Earlier this week, Massachusetts Sen. Elizabeth Warren (D) called for hearings regarding special treatment given to big banks by the New York Federal Reserve (NYFR). This came after secret recordings of meetings made by Carmen Segarra, a former executive at the NYFR, were published by ProPublica and This American Life.
In an interview with NPR’s Morning Edition, Sen. Warren said the tapes tell “us exactly what we already knew — that the relationship between regulators and financial institutions they oversee is too cozy to provide the kind of tough oversight that’s really needed.”

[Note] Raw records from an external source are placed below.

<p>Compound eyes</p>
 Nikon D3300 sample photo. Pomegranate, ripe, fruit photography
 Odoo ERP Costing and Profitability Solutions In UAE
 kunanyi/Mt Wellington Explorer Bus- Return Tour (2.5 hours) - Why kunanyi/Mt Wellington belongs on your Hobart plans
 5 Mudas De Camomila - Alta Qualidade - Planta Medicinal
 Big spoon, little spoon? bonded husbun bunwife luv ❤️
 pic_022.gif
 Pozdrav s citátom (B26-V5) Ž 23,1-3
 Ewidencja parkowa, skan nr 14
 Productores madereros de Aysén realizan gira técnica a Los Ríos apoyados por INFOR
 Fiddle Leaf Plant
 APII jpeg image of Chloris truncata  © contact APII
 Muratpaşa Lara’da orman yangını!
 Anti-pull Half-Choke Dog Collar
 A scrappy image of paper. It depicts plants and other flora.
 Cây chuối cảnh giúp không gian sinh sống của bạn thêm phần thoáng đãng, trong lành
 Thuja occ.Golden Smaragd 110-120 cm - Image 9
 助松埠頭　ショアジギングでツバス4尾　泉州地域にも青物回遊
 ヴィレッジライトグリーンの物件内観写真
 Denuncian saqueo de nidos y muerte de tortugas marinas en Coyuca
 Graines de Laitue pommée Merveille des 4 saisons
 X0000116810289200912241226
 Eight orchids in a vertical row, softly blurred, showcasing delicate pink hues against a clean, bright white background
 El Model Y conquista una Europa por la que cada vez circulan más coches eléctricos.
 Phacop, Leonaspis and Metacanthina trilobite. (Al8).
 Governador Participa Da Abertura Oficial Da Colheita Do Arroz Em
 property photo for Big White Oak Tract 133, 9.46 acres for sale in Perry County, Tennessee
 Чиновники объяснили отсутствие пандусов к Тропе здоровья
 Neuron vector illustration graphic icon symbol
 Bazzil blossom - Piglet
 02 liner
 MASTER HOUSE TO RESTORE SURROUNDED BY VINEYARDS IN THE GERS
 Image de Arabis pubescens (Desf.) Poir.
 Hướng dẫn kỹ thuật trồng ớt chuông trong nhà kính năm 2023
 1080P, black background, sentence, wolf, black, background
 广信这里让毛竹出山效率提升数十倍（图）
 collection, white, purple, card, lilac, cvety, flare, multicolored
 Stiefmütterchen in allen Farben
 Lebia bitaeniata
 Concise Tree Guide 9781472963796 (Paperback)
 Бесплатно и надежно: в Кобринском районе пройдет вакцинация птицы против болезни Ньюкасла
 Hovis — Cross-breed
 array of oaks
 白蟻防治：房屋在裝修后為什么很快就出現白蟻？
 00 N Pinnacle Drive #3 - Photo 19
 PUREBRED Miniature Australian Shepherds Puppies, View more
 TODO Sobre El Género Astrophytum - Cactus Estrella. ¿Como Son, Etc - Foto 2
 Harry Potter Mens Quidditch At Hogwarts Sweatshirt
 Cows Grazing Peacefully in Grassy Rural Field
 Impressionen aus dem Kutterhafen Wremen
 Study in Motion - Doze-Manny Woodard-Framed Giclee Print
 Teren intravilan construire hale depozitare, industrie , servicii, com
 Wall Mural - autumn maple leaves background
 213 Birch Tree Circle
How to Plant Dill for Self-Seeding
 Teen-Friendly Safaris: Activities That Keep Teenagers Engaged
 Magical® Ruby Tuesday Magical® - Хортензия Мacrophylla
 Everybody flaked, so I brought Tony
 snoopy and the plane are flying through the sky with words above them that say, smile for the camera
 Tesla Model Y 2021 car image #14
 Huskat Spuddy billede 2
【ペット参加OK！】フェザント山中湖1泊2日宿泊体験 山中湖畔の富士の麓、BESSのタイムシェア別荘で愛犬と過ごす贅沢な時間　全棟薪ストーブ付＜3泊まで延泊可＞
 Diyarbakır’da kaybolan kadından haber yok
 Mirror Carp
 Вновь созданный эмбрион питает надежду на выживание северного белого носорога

Warren said there were two things about the tapes that jumped out. The first was “just a basic lack of truthful reporting,” that supervisors were actually telling examiners to file inaccurate reports on things they heard.
“If there’s not even an accurate record of what’s going on,” she said, “then the regulators can’t hope to do their jobs.”
The second thing was how the “Fed emphasized talk instead of action.”
“The regulators seemed to think that it was a victory just to raise an issue, even if they took absolutely no action to address the issue,” said Warren. “And that’s the kind of approach that allowed banks to take on massive risks before the financial crisis.”
“Does anyone believe that Goldman Sachs is gonna give up a deal that would yield millions of dollars because someone fussed at them behind closed doors?” the senator asked.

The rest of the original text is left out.